TASK TO COMPLETE ▸
The answer must be the lines from the one that holds "Che FC Ristorante di pesce" through the final line of the data, copied exactly, with no pictures.

SOURCE MATERIAL ▸

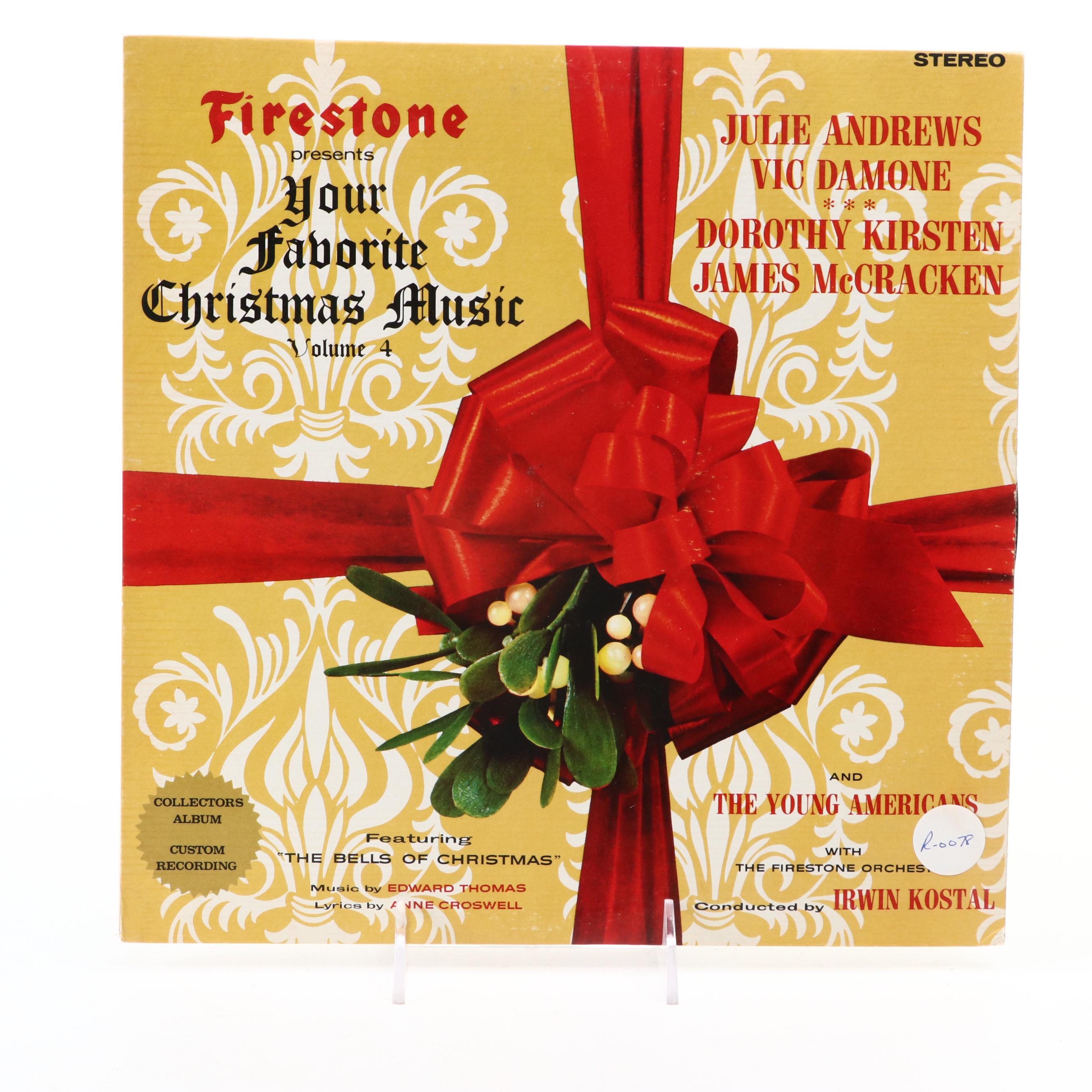 Barry Manilow, Nat King Cole, More Easy Listening, Vocal and Other Records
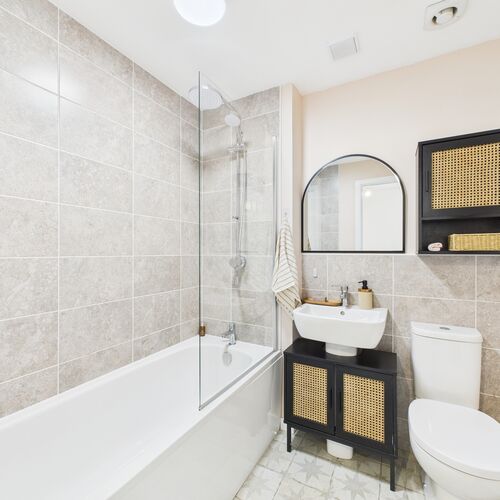 Ainsworth Way, Saltcoats 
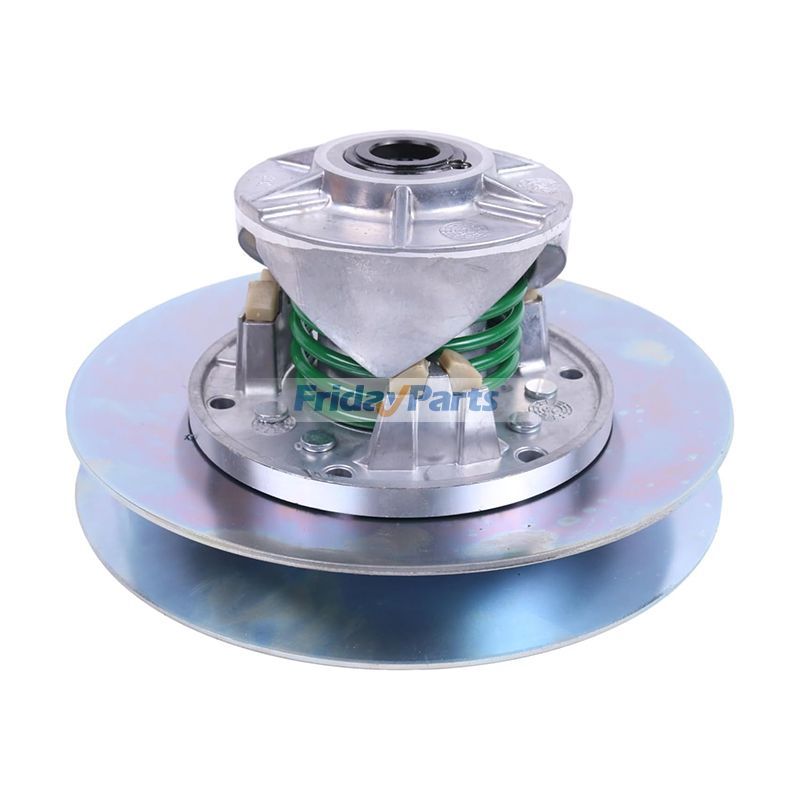 Sekundäre Transaxle-Antriebskupplung AM138516 für John Deere CS und CX Gator Nutzfahrzeug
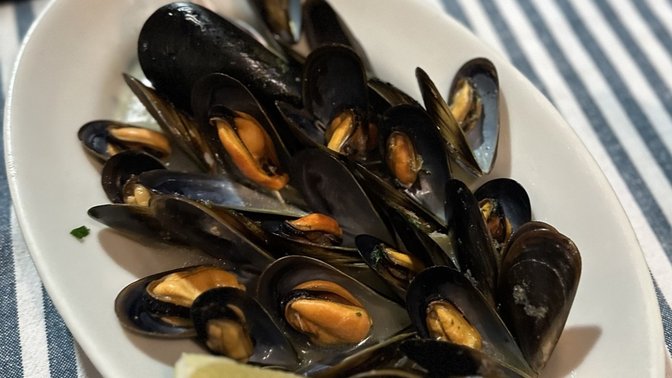 Che FC Ristorante di pesce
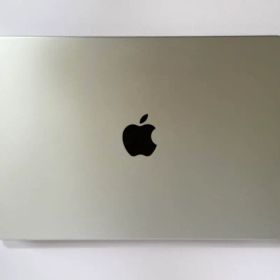 MacBook Pro 14 M1 Max 32GB 2TB 24コアGPU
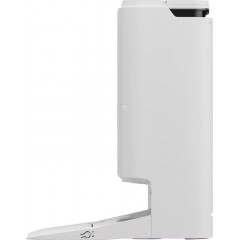 Робот-пылесос Polaris PVCRAC 7790 Wi-Fi IQ Home (белый)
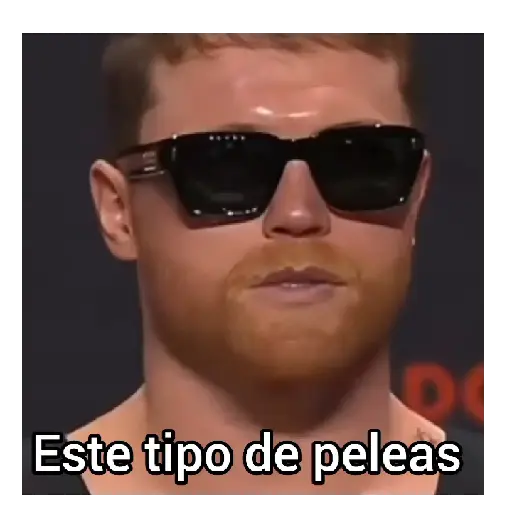 Canelo alvarez 🥊💯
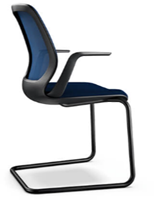 sedus-seflex-bezoekerstoel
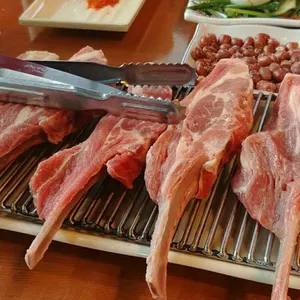 별미양꼬치 사진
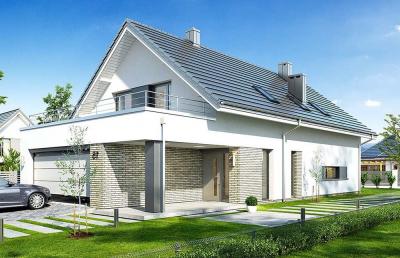 Проект Бакшты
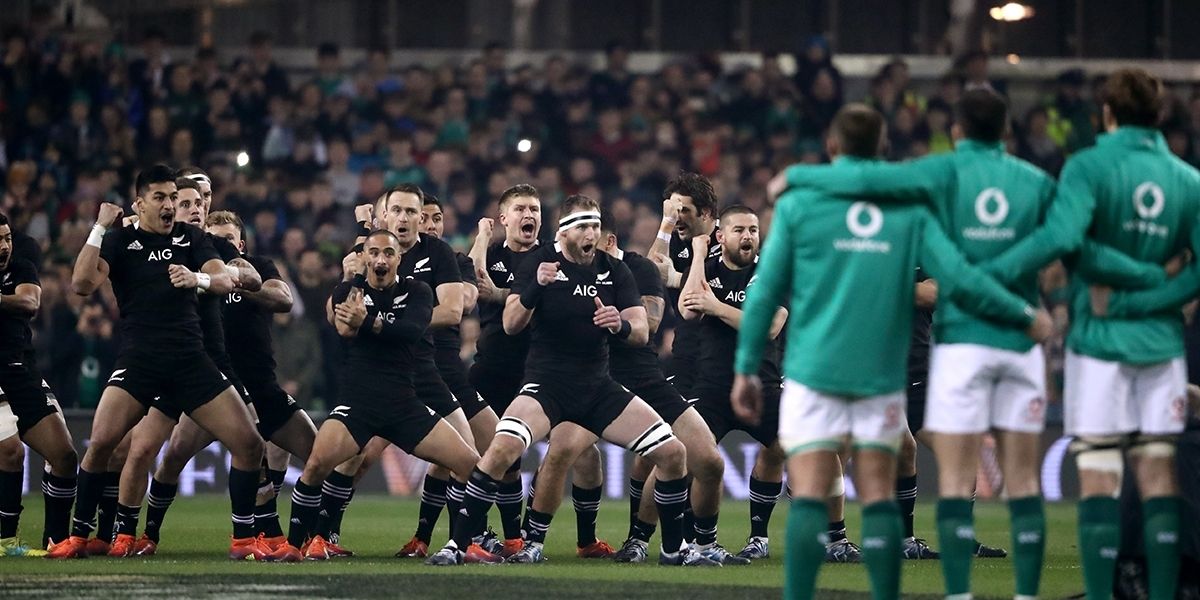 New Zealand v Ireland Preview And Betting Tips – Rugby World Cup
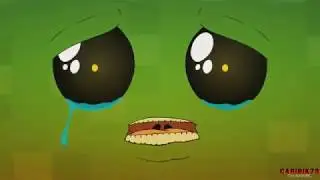 Мульт майнкрафт ЭПИК КВЕСТ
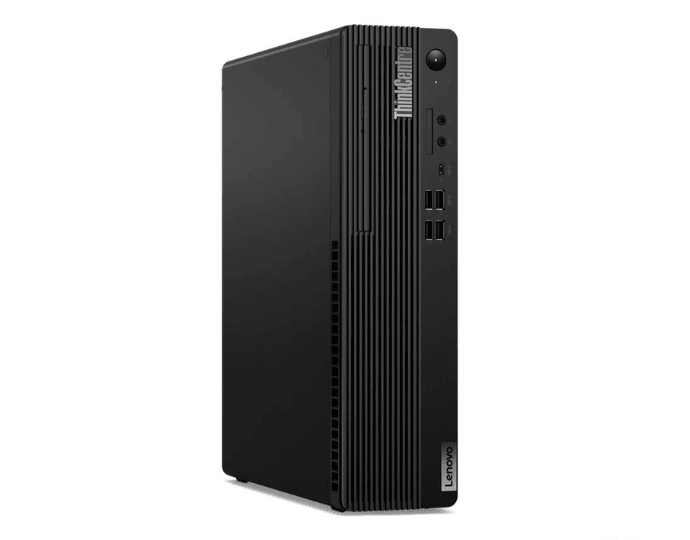 Lenovo ThinkCentre M70-tallets 3. generasjons SFF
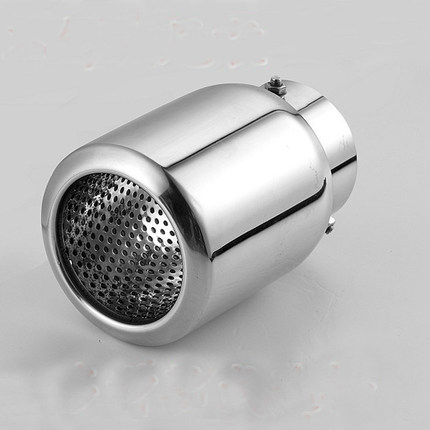 适用于比亚迪S6锋范纳智捷大7马自达5指南者帕拉丁汽车尾喉A1998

ANSWER ▸
 Che FC Ristorante di pesce
 MacBook Pro 14 M1 Max 32GB 2TB 24コアGPU
 Робот-пылесос Polaris PVCRAC 7790 Wi-Fi IQ Home (белый)
 Canelo alvarez 🥊💯
 sedus-seflex-bezoekerstoel
 별미양꼬치 사진
 Проект Бакшты
 New Zealand v Ireland Preview And Betting Tips – Rugby World Cup
 Мульт майнкрафт ЭПИК КВЕСТ
 Lenovo ThinkCentre M70-tallets 3. generasjons SFF
 适用于比亚迪S6锋范纳智捷大7马自达5指南者帕拉丁汽车尾喉A1998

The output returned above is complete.